_YOUR GOAL_.
Take from the listing each line that has the string "showing".

_MATERIAL FOR THIS TASK_.
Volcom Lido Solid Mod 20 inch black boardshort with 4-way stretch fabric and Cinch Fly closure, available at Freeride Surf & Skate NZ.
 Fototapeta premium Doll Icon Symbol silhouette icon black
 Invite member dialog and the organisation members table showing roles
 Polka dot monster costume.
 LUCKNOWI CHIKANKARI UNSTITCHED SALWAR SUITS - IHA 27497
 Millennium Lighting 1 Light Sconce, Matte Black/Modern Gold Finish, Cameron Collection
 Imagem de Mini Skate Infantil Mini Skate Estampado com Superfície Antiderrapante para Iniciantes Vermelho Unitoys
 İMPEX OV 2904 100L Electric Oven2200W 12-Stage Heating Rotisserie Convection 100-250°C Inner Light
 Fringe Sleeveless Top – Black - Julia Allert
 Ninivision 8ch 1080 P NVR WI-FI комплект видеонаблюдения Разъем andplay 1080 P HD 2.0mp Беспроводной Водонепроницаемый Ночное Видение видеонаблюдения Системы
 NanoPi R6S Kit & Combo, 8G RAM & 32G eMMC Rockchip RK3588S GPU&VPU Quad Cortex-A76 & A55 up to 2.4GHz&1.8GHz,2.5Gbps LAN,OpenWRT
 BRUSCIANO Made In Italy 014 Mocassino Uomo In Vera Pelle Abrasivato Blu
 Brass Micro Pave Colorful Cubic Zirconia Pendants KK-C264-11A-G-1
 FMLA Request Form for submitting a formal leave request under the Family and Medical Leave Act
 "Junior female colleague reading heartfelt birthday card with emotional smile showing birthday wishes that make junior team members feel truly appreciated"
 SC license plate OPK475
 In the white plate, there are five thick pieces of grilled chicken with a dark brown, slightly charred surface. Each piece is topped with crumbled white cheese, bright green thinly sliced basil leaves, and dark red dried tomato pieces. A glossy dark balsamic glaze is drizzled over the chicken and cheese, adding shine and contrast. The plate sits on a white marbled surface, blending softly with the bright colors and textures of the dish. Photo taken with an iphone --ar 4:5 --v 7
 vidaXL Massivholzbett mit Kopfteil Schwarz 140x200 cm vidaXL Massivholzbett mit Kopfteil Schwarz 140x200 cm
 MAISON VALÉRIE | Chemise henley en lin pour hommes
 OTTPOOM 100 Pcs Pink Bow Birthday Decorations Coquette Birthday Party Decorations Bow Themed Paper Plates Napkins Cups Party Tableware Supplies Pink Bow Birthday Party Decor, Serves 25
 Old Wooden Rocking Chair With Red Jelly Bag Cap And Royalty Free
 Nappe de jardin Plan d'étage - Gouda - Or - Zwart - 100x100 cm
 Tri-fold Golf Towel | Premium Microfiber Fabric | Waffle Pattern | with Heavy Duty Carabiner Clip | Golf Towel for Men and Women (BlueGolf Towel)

_ANSWER SECTION_.
 Invite member dialog and the organisation members table showing roles
 "Junior female colleague reading heartfelt birthday card with emotional smile showing birthday wishes that make junior team members feel truly appreciated"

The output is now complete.